If you have multiple paths to a certain address and you want to know what exact path is taken, this is the tool for you.
But how does it work exactly? Let’s take a look.
Time To Live (TTL)
In order to prevent routing loops on a network (where packets may be continuously forwarded between loops non stop), TTL was introduced.
A packet is assigned a specific Time To Live (TTL) value, once this value is depleted the packet will be dropped. Think of it literally as how long the packet has ‘to live’, a sort of morbid countdown if you will.
But what causes the TTL value to be decremented?
Every time a packets passes through a ‘hop’ on the network, its TTL value is decreased by one.
As mentioned, when a packet has a TTL value of 1 and then passes over to the next hop device, the device essentially drops the packet and sends a reply to the original sender saying that the packet was dropped.
How Trace Route Uses TTL to its Advantage
Trace Route utilises ping packets with varying amounts of TTL values….what does that mean in plain English?

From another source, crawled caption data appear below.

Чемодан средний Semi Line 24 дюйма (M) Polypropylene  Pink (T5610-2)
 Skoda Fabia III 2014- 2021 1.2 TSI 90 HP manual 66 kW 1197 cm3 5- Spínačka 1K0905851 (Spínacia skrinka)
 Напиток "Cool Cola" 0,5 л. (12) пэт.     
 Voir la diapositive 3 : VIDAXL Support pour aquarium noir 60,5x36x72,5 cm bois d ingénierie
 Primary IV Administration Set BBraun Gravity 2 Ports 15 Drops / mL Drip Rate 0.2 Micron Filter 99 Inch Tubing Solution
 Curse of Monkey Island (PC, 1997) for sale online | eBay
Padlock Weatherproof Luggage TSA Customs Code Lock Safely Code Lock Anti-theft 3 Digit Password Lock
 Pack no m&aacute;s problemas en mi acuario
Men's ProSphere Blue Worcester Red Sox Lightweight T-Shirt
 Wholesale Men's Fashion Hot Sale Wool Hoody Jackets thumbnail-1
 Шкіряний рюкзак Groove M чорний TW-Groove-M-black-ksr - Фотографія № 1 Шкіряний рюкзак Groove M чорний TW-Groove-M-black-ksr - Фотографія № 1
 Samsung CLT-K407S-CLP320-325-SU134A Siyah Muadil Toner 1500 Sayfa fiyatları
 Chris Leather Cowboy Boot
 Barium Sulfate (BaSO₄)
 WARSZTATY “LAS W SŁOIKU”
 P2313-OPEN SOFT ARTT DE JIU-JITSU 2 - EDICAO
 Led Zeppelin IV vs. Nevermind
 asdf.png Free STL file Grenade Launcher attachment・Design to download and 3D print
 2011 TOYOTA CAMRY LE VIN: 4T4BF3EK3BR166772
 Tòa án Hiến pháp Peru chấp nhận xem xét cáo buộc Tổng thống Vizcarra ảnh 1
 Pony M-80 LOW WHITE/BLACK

Let’s break it down. Consider the below network:
Let’s say we want to see the exact route that our laptop on 10.10.10.10 takes to contact 10.10.10.20. As we can see from our topology, the packets will either travel via R2 or R3.
For the first hop, the device you are using Trace Route from sets the TTL of the ping packet to 1.
This means it will inevitably die after the first hop…on purpose!
When it gets dropped as a result, the device we are on will get a reply from that hop device saying that it had to drop the packet.
From this reply, we know the first hop.
Our device will then send another packet but this time with a TTL of 2, this will go through the first hop (and have its TTL value decremented to become 1). It will then be dropped at by the device used as the second hop, with that device sending a reply to us saying that it dropped the packet.
Just like before, we now know the second hop thanks to the reply we receive.
This continues for as much as is needed to find the entire route.
In our example, the process is repeated for the next further hop, and the TTL is set to… you guessed it! 3!
Last but not least, we will reach our intended device at 10.10.10.20. This would be confirmed with a final push using a TTL of 4:
Now we have reached out destination and seen the route taken along the way. We should now also have an understanding of what TTL is, and how it is used to determine the path a packets travels using Trace Route.